## GIVEN DATA

[Start of section]

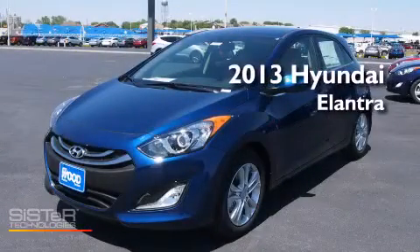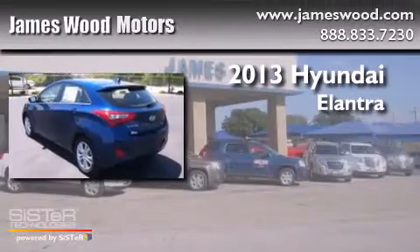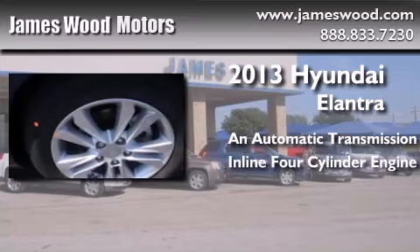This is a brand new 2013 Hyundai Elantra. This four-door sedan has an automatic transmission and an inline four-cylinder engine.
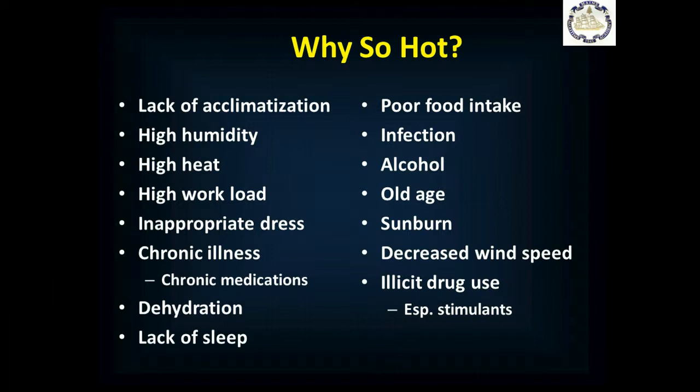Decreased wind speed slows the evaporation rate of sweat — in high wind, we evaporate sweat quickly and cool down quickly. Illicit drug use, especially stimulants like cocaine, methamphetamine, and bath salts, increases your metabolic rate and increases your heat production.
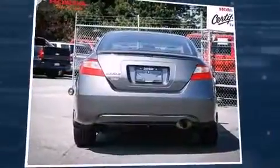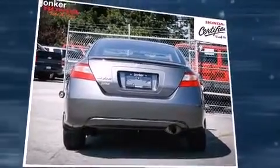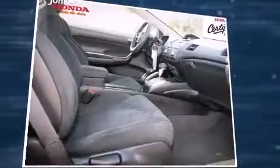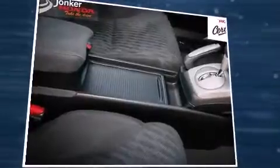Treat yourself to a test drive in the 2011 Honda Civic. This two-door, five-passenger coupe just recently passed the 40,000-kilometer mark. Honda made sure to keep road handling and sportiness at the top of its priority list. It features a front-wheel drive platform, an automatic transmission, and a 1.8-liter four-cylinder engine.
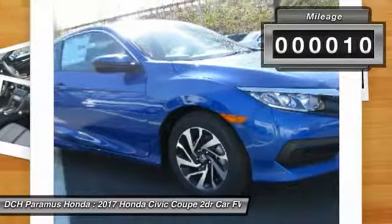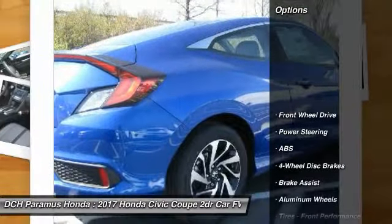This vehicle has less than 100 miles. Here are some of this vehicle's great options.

[End of section]

## WHAT THE EXERCISE ASKS
None of the pictures should be carried over when the data above is transcribed exactly.

## COMPLETED TASK
This is a brand new 2013 Hyundai Elantra. This four-door sedan has an automatic transmission and an inline four-cylinder engine.
Decreased wind speed slows the evaporation rate of sweat — in high wind, we evaporate sweat quickly and cool down quickly. Illicit drug use, especially stimulants like cocaine, methamphetamine, and bath salts, increases your metabolic rate and increases your heat production.
Treat yourself to a test drive in the 2011 Honda Civic. This two-door, five-passenger coupe just recently passed the 40,000-kilometer mark. Honda made sure to keep road handling and sportiness at the top of its priority list. It features a front-wheel drive platform, an automatic transmission, and a 1.8-liter four-cylinder engine.
This vehicle has less than 100 miles. Here are some of this vehicle's great options.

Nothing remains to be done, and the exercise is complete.